Em um discurso recente para a assembleia legislativa do estado de Oaxaca, a diretora do Ministério do Turismo, Saymi Pineda Velasco, apresentou números recentes: 18,8 bilhões de pesos mexicanos (US$ 1,2 bilhão) em atividade econômica até 2023 e 163.419 empregos diretos e indiretos ligados ao setor.

Velasco e o prefeito da cidade de Oaxaca, Francisco Martinez Neri, não responderam aos pedidos de comentário da Bloomberg News.

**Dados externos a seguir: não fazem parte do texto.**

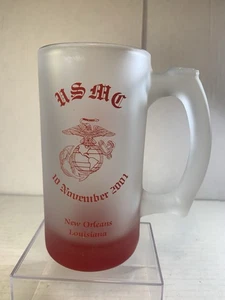 USMC New Orleans Marine Forces Reserve 226 Years Heavy Glass Drinking Mug 2001 - Picture 1 of 6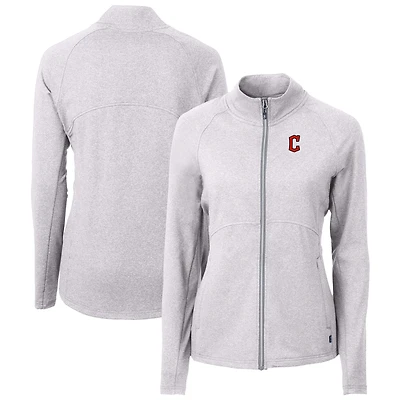 Veste zippée intégrale en tricot écologique Adapt pour femme Cutter & Buck, gris chiné, des Cleveland Guardians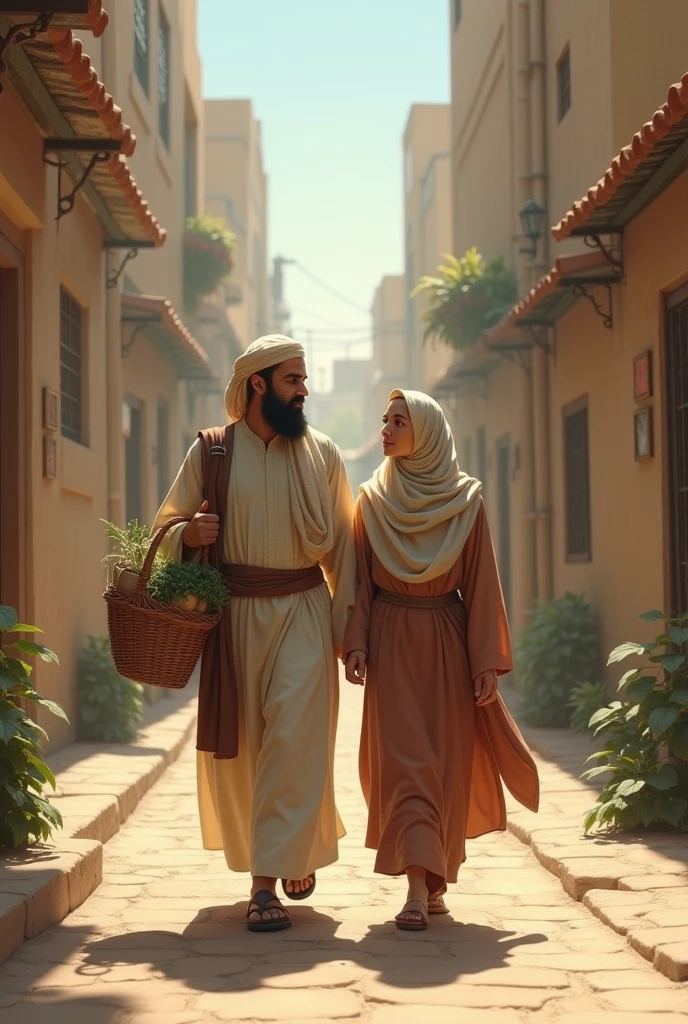 A tranquil market scene in ancient Mecca, with a handsome young man, a handsome man with a calm demeanor and friendly eyes, meet a dignified and graceful woman in her 40s, wearing simple clothes at that time. The background is filled with market stalls, tooth, and traders. bright sky, marks a sunny day.3d realistic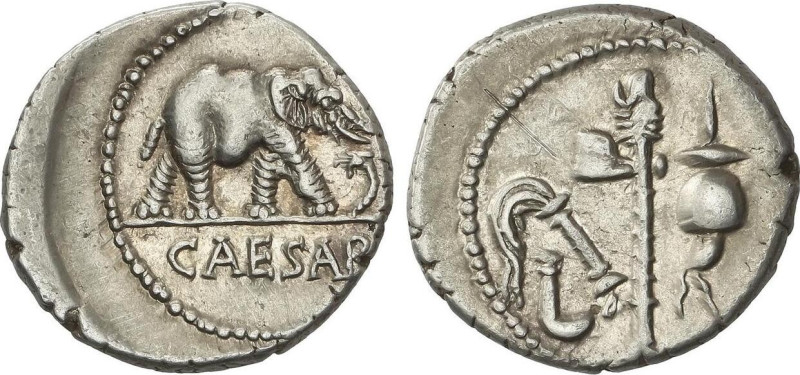 Roman Coins
Denario. 54-51 a.C. JULIO CÉSAR. Anv.: CAESAR. Elefante a derecha, ...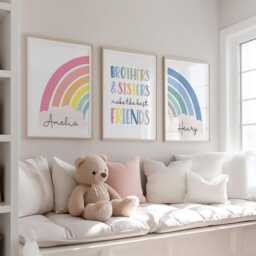 Set Of 3 Nursery Prints, Brothers & Sisters Make The Best Fiends, Bro Sister, Shared Bedroom, Siblings, Colourful Rainbow, Playroom - thumbnail 3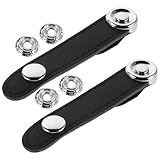 MUELODSIC Correas de Fuelle para Acordeón Doble Capa Cuero Negro con Hebillas Firmes Distancia entre Agujeros 78 CM Repuesto para Acordeones Bajos y Estándar 2 Piezas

Muitos moradores locais que trabalham no setor de turismo e hospitalidade veem esse boom como uma via de mão dupla. Eles dependem do setor para trabalhar, mas também veem a erosão de sua qualidade de vida, enquanto seus salários não conseguem acompanhar o aumento do custo de vida.

“Podemos ver mais dinheiro entrando em Oaxaca, mas a maior parte dele está entre proprietários e políticos”, disse Diego Márquez, que trabalha como garçom e barman.

Impacto do turismo

É comum ouvir histórias sobre despejos de apartamentos que se tornaram parte dos milhares de anúncios ativos do Airbnb na cidade. Vasquez, o romancista, observou que em seu quarteirão ao norte do centro histórico da cidade, cinco prédios foram construídos e reformados para acomodações de curto prazo para turistas, aluguéis de longo prazo para trabalhadores remotos e um local para casamentos e eventos.

“A gentrificação faz barulho”, disse ele, referindo-se ao som da construção. As leis de desenvolvimento municipais e estaduais, bem como as regulamentações sobre materiais de construção, cores e outros aspectos relacionados ao status de Patrimônio Mundial da UNESCO de Oaxaca, muitas vezes não são cumpridas.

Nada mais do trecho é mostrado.